I have read it, and it doesn't seem insurmountable. Just because it's not
free doesn't make it 'too hard'. I am naturally willing to work on this
myself.


>
>  So, when you say "I like aFoo because it lets me know which vars are
>> args",
>> is there any un-touched-on aspect of the information "this var is an
>> argument" that is useful to know? How does every other project survive
>> without it?
>>
>
> Given Benjamin's response, there is really no point in arguing over this
> any more, but just as a thought exercise: is there anything that would
> convince you that this is useful for some people?


There's only no point here if Benjamin's proposal carries! Besides, this
discussion is certainly a subset of the boil-the-ocean discussion. If aFoo
is truly valuable, then removing it via Google Style would hurt us just as
removing it a la carte would.

What could convince me? Reasoned and consistent arguments, perhaps examples
or anecdotes where aFoo really came in handy that wouldn't have been
covered under general good code style. Maybe someone might have done a
study on this style. Maybe there are other large projects which use this
style. Tautologically: Convincing arguments!

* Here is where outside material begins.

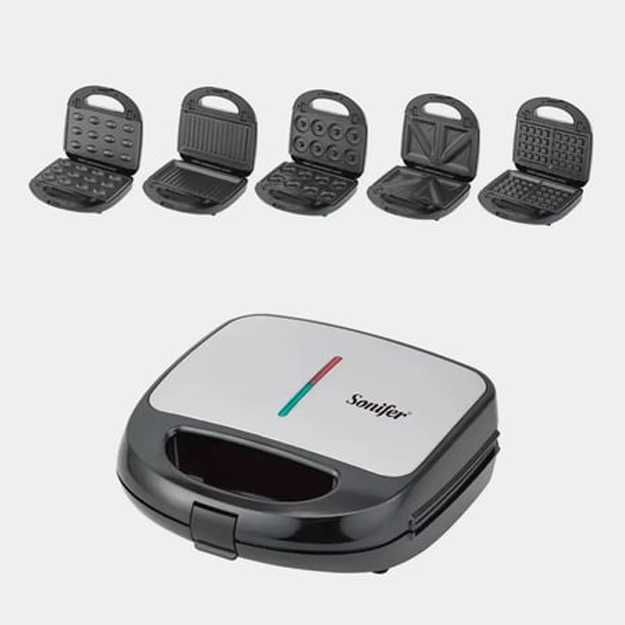 elektr gril Sonifer SF-6157 — (2 × 4 sendvich), 2000 Vt. Dastavka bor!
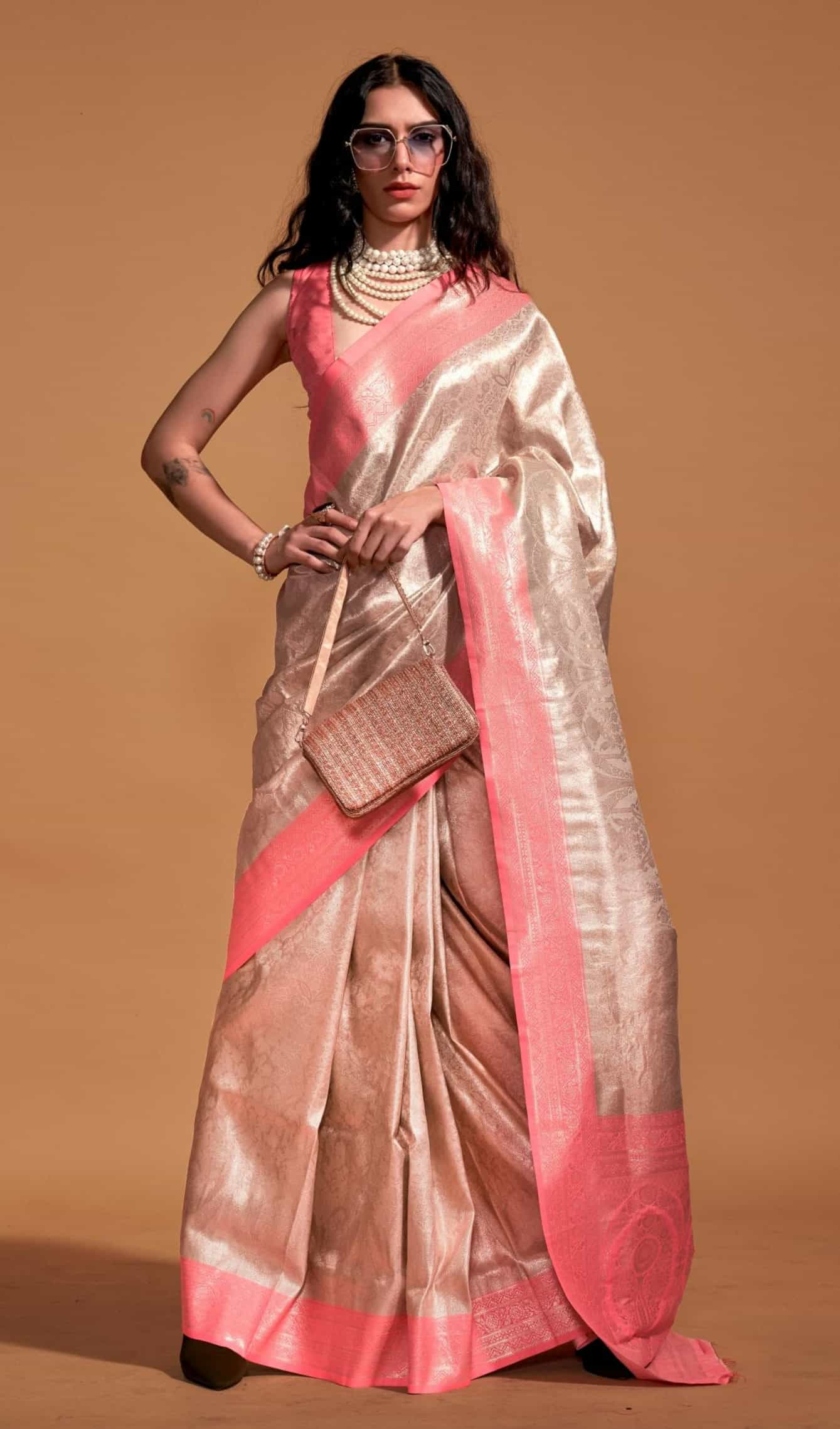 peach color saree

> I would expect having those people tell you that it's useful for them
> should be a good enough reason to assume that it is!
>

Especially as part of standards body, I'm perfectly fine with dismissing
requests for things people claim to want, but can't provide sufficient
reasoning for, [1] or likewise being unable to argue my own case
successfully. I'm well-acquainted with being convinced to change my
position through discussion and debate, and also with convincing others.
(or not!)

This is why we have these discussions! Claims are not substantiated simply
because people claim them to be true. We need to lay the reasons on the
table and then weigh them, as without reasons, choices are arbitrary.
Sometimes we even need to do it more than once, as time changes things.
(even if people hate doing this!) We may find no need for change, or we may
instead find we can change for the better.

[1]: To be clear, "sufficient reasoning" can definitely include "culture",
"harsh realities", "pragmatism", and other such things. They are not all
granted the same gravity, but they all contribute.